March 18, 2011
Spain's grain inventories at low levels
Grain supplies in Spain are unusually low and the country will need a wave of imports to meet demand until domestic new crop is available in July, according to a trade spokesman.
Francisco Alvarez, president of Spanish grain merchants' association ACCOE, estimated warehouses across Spain currently held less than the 1.5-2 million tonnes left over from the previous 2009-10 market year.
"We're in March, there are still many months left. I see merchandise coming from the EU because here we don't have enough to tide us over to the harvest," Alvarez said on the sidelines of an annual grain traders' gathering held by ACCOE.
"I think EU exporters will also have to lower prices because they have been too high to compete here," he added.
Spain needs to import at least 10 million tonnes of cereal a year because farmers can never grow enough to meet demand in the country's poor soil and harsh climate.
Port sources say quayside silos hold enough for about two months' demand from clients, mainly in Spain's animal feed industry, Europe's biggest.
Alvarez said the EU's removal of automatic intervention last year to support prices had led to extreme market volatility, which hurt livestock farmers and merchants.

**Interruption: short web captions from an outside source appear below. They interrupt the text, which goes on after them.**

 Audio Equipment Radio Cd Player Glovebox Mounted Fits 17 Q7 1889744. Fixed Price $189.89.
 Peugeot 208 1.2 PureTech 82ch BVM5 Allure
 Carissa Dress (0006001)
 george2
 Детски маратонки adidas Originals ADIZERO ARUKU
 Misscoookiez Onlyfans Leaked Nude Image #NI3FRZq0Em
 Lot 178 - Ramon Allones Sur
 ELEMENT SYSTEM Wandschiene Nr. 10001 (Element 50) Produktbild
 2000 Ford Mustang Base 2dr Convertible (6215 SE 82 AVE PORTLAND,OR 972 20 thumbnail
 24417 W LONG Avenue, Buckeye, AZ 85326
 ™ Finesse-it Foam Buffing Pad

"Prices were so low farmers were not encouraged to sow, so when supply tightened we had the shortfalls we have seen and prices shot up," he said.
Farmers decided to plant less for last summer's harvest when wheat and barley farm-gate prices dipped to EUR120 (US$169) per tonne.
Prices are now EUR217 (US$305) and EUR237/tonne (US$333) <GRAES01> after a broad-based grains rally triggered by a poor harvest in Russia last year, but that is beyond the reach of livestock farmers facing a slump in meat prices.
Lack of credit for farmers added to merchants' problems, Alvarez said.
"We are very concerned about payments. Contracts expire which livestock farmers cannot pay, and they pass that down the food chain to us," he said. "We are financing clients the banks don't want to finance."
Alvarez estimated EUR160 (US$225) per tonne was a reasonable minimum grain price to encourage farmers to plant enough to prevent excessive shortages.
"But neither should prices surpass EUR180 (US$253). That would be logical and reasonable. Anything above or below would be extreme and that is never good," he said.
"What the EU calls a free market I call a lawless market, where the strong prey on the weak. In our case, big retail pays what and when it likes, and livestock farmers suffer the consequences," he said.